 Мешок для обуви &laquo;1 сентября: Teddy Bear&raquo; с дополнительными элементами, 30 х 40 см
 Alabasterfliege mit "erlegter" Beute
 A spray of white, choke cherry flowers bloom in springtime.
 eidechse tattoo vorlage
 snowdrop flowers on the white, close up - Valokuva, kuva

******

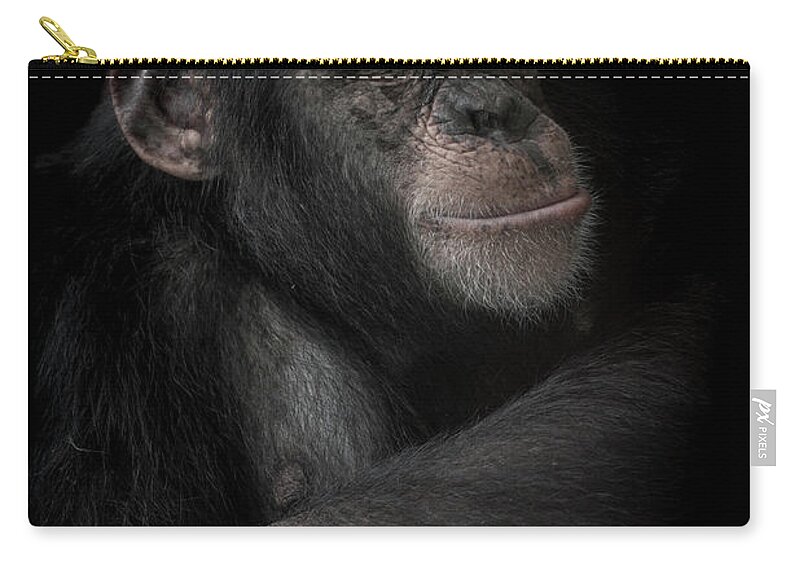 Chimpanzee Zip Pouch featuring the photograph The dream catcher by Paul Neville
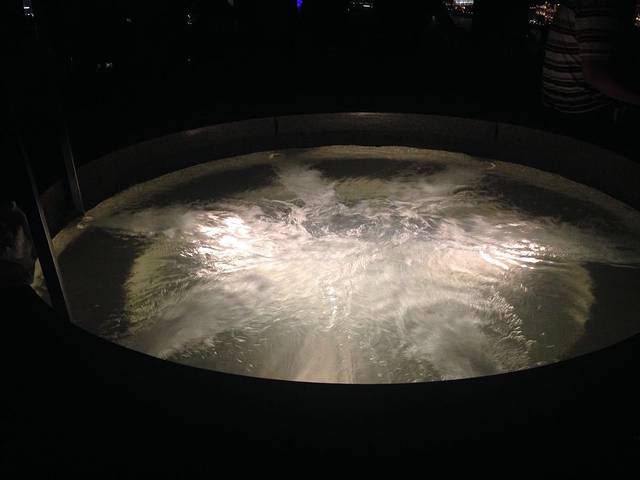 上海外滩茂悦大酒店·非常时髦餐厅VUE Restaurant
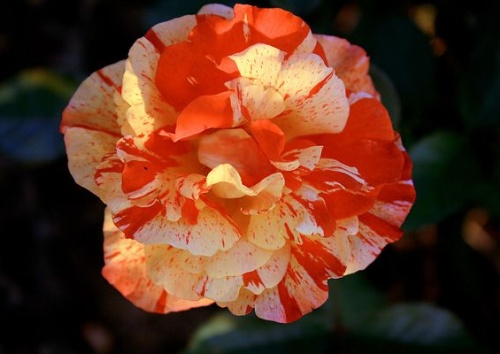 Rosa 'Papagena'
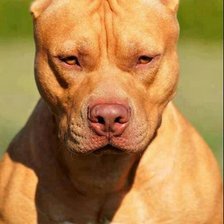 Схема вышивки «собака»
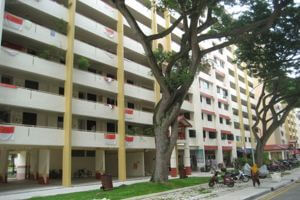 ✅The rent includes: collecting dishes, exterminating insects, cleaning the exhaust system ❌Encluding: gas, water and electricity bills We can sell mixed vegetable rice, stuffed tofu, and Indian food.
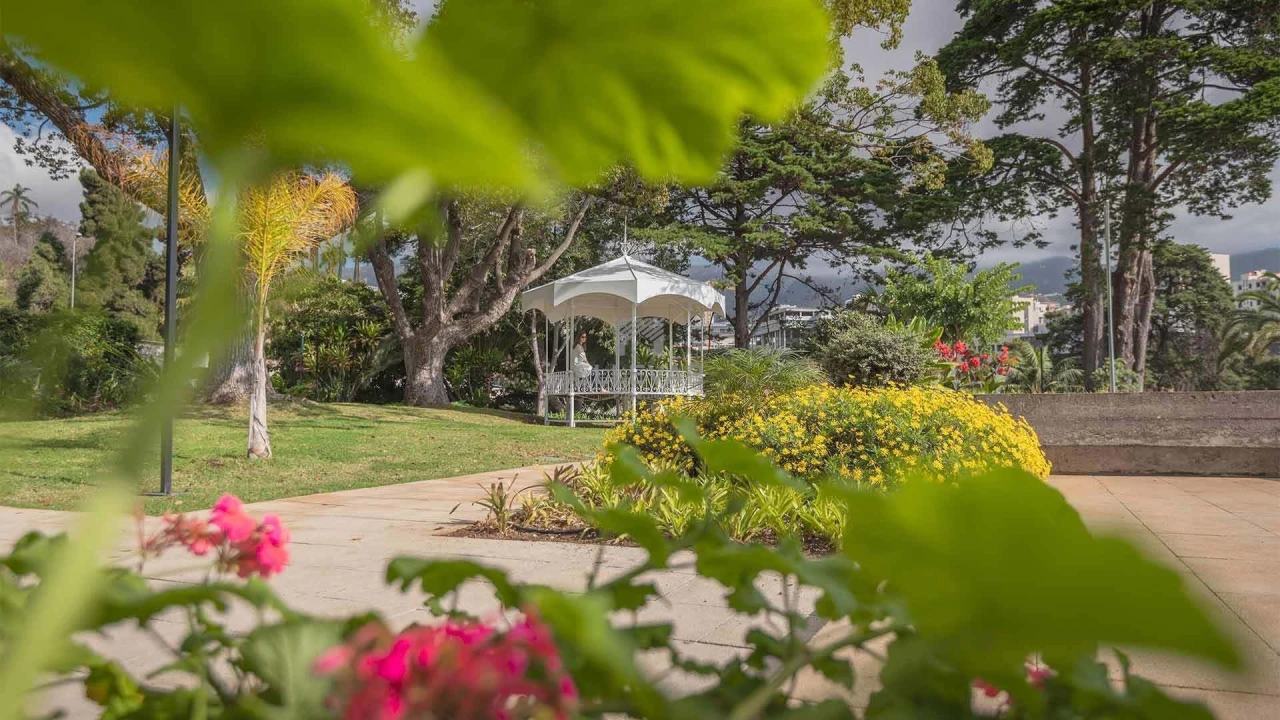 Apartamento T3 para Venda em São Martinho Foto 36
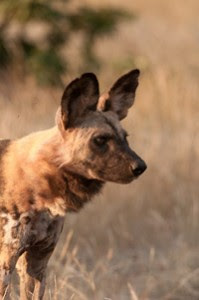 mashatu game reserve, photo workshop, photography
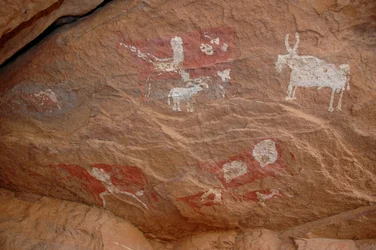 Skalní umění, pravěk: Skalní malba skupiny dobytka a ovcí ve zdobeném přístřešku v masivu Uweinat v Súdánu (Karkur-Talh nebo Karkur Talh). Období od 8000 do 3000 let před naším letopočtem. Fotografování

******

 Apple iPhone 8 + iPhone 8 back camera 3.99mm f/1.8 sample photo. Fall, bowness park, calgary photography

******

#### Action item:
An exact copy is needed of the entries above, starting at the line that holds "Rosa 'Papagena'" and stopping at the line that holds "and Indian food.", both kept; pictures stay out.

#### Written answer:
 Rosa 'Papagena'
 Схема вышивки «собака»
 ✅The rent includes: collecting dishes, exterminating insects, cleaning the exhaust system ❌Encluding: gas, water and electricity bills We can sell mixed vegetable rice, stuffed tofu, and Indian food.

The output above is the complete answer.